Assumptions, Modeling Notes, and Solution Comments

The problem is designed to test singly-curved shell elements under membrane and bending deformation. The quadrilateral mesh patterns produce uniform rectangular shapes while the triangle mesh patterns are as generated by the meshing algorithm in the solid modeler.
Results for SHELL181 in triangular form are presented, though they are not recommended for use. SHELL181 is based on a hybrid formulation for a quadrilateral element shape. Hence, degeneration of the element to a triangular shape will show some slight node-ordering dependence on the element solution.
The target solution is obtained in the prescribed reference for the author's 8-node shell element.
As expected, the quadratic SHELL281 performs better than the linear element SHELL181 for comparable meshes.

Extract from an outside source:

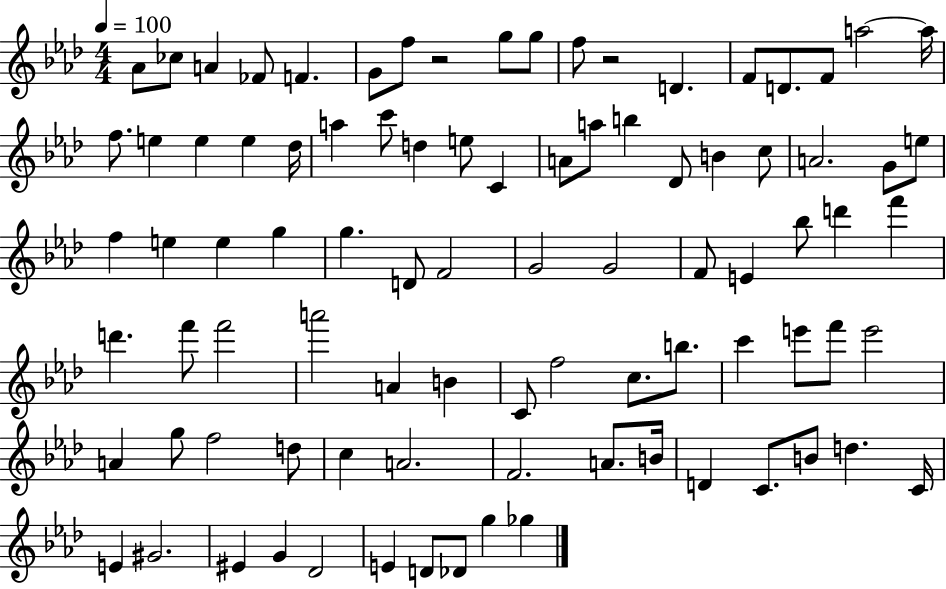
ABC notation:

Results for the linear triangular-shaped elements is poor due to the constant-strain membrane behavior within the element. The effect of constant-strain membrane behavior is to overly stiffen the element under this type of loading, hence underpredicting both displacement and stresses. For triangular elements, only a fine mesh using the quadratic SHELL281 elements produces acceptable results.